Both the "common pool" inefficiency and the "failure to capture" inefficiency are normally discussed in terms of the free (or "perfect") market alternative. But as pointed out in the prior post, where the copyright monopoly confers substantial value, that value is conferred by the creation of an imperfect market. This is a fact although there is an apparently unlimited number of silly copyright lawyers prepared to deny it. [Ordinary "copyrighted" materials are "substantially similiar" to other uncopyrighted works competing in the market. Copyright only protects works up to "substantial similarity." To the extent a copyrighted work is not "substantially similar" to any other, it faces only imperfect competition. This is why Harry Potter has market power but most screenwriters in Los Angeles are well advised not to quit their day jobs, although many do anyway.] How imperfect market interacts with the "common pool" and "failure to capture" inefficiencies at this point in the development of economics requires hugely complex and controversial game theoretic mathematics.
And notice that this economic analysis affects both the Copyright Clause attack and the First Amendment attack on the Bono Act. If failure to have sufficiently strong copyrights causes underdissemination of affected information (by the "failure to exploit" inefficiency), then having any finite copyright period at all might suppress First Amendment policy.
This is not to deny that there are people who would make good use of a Rolling Stones song if only they could get it away from the Mick Jagger. But there are people who would make good use of any backyard in America if they could just get it away from the owner.
One of the many peculiar aspects of the current challenge to the Bono Act is that the Copyright Clause requirement that the copyright monopoly be for "limited periods" may simply be bad economics. That doesn't mean that the limitations of the Copyright Clause should not be enforced, but it might be a good reason to construe the limitation, not the limited power, narrowly.

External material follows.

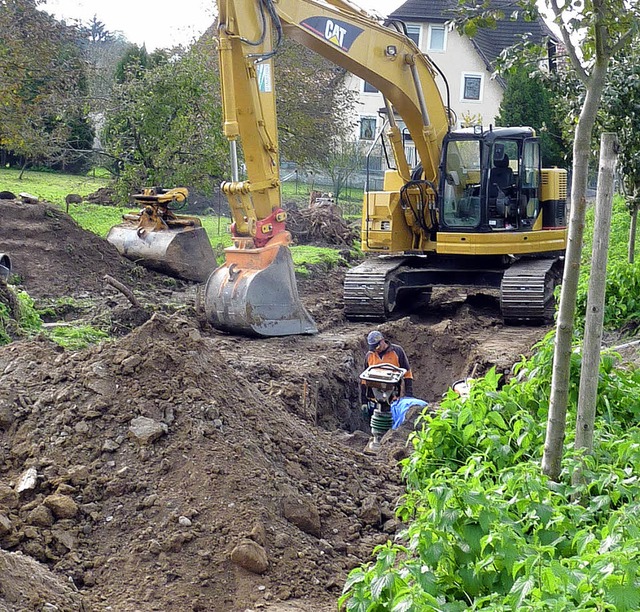 Rund 340000 Euro werden derzeit in Mietersheim fr Kanalarbeiten vergraben.   | Foto: BZ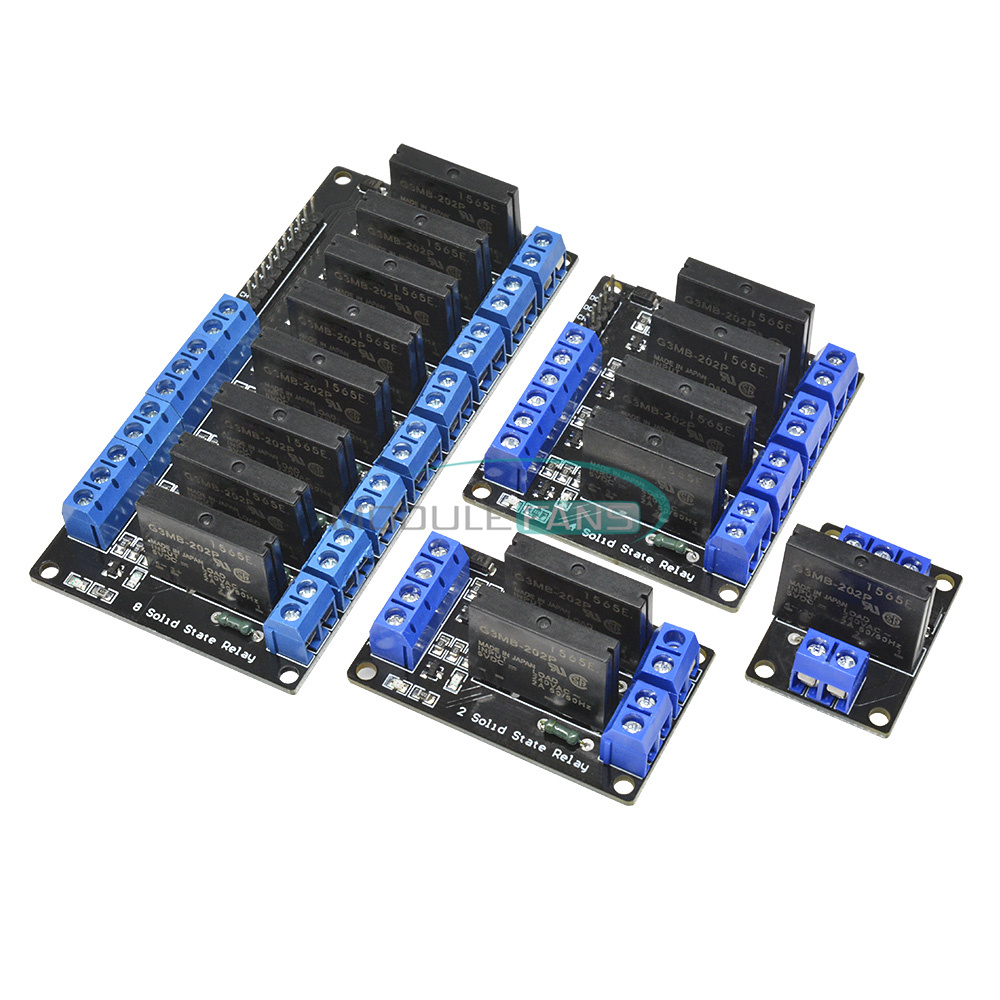 1//2//4 Channel 5v OMRON SSR G3MB-202P Solid State Relay Module For Arduino T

As an aside, it is indeed difficult to understand why the Supreme Court would want to undertake the heroic intellectual, economic and legal efforts necessary to gut the Bono Act - at least under the Copyright Clause argument, since Congress could achieve almost the entire effect by passing the Bono Act under its Commerce Clause power, which has no time limitation.
In fact, federal trademark rights are created under the Commerce Clause, and have no specified lifetime. Is there something wrong with that?
The Court has more of a mandate to perform experimental heroics to protect First Amendment rights. But until the mathematics and economics of copyright are better understood, they will probably keep far away from this generalized "cost benefit" approach.
The Man Without Qualities plans to return to Bono Act considerations to apply some of them to the prosaic chore of counting Supreme Court Justices noses, to show that those noses point in a direction distinctly Pro Bono.